Under current law, if an issuer determines that dealings by it or its affiliates with sanctioned countries or persons would be quantitatively or qualitatively material, the issuer must disclose to investors information about such dealings. Current disclosure requirements emanate from the implementation by many states, public institutions, universities and municipalities of divestment provisions requiring divestment from and/or prohibiting investment in entities where the company or its subsidiaries have dealings with U.S. sanctioned countries such as Iran, Sudan, or Syria. Presently, the Office of Global Security Risk within the SEC monitors whether the documents public companies file with the SEC include disclosure of material information regarding global security risk-related issues, such as dealings with sanctioned countries. From time to time, the Office of Global Security Risk sends inquiries to issuers about activities involving sanctioned countries.

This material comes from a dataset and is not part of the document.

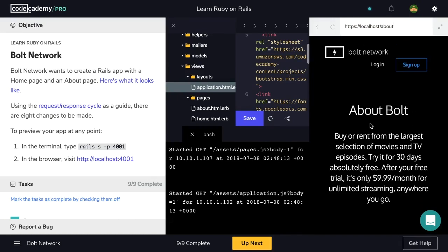Successfully created a static Ruby on Rails application with just a few steps. I hope this walkthrough was helpful. I'll see you next time and happy coding.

Section 219 of HR 1905 effectively eliminates the materiality standard for disclosing certain dealings with Iran, requiring an issuer to disclose detailed information about itself and any of its affiliates related to certain transactions involving the Government of Iran and other persons sanctioned by the U.S. as outlined above. Under the new reporting requirements, issuers will be required to report any activities outlined in Section 219 of the Act that involve themselves or their affiliates (both domestic and foreign). In addition, with the exception of licensed transactions involving the Government of Iran, all activities must be disclosed. For example, a transaction with the Government of Iran by an affiliate that is not owned or controlled by the issuer (which dealings therefore may not be required to be licensed by the Department of the Treasury’s Office of Foreign Assets Control pursuant to other provisions in HR 1905 and implementing executive orders or regulations) would need to be reported. In addition, disclosure would be required under Section 219 for a licensed transaction involving an individual whose property is blocked pursuant to Executive Orders 13224 or 13382 for WMD or terrorism reasons.

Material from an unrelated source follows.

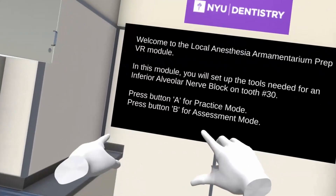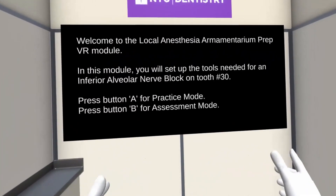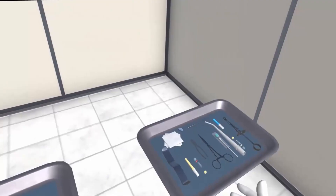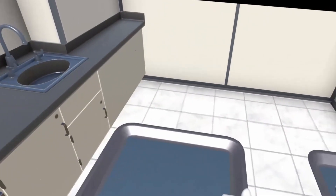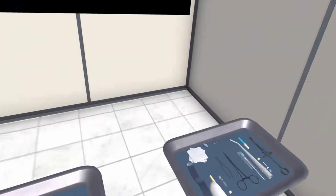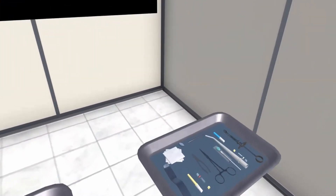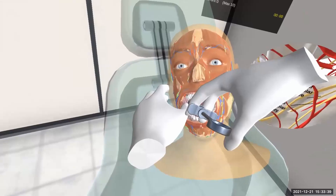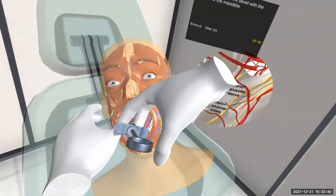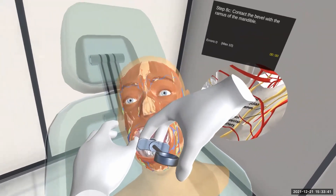This virtual simulation is divided into two parts. The first part is the setup of the armamentarium needed for applying the block, and the second part is to apply the block itself.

A practical impact of Section 219 may be to cause issuers (and their affiliates worldwide) to shore up existing compliance procedures to screen against the List of Specially Designated Nationals and Blocked Persons, which includes persons whose property is blocked pursuant to Executive Orders 13224 and 13382. Screening should occur before the issuer certifies its quarterly or annual reports to the SEC to take into account changes to business activities as well as any additions or other changes to lists of persons blocked under Executive Orders 13224 and 13382. Issuers that are screening on an annual or semi-annual basis should consider increasing the frequency of screening to quarterly. In addition, because the new law requires reporting for any “dealings,” issuers may want to consider whether screening should include employees, customers, suppliers/vendors, partners/agents, and any other entities (including financial institutions) involved in transactions with the issuer and all its affiliates.

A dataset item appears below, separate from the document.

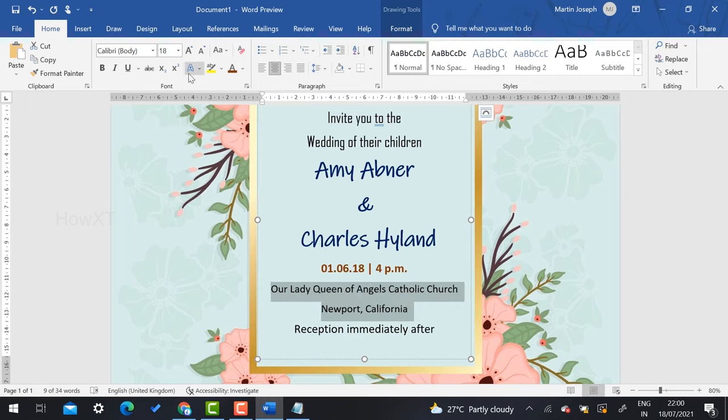I hope this video helps you create your own invitation easily using Microsoft Word. Thanks for watching, dear friends — have a great and good day!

To the extent that an issuer or any one of its affiliates does not already have a screening program in place, the issuer will also want to consider implementing a screening program addressing the information necessary to make the certification. Because implementation of thorough screening measures often is time consuming, issuers should begin examining their compliance processes long before February 2013 to ensure that the measures are adequate to address the mandatory reporting requirements.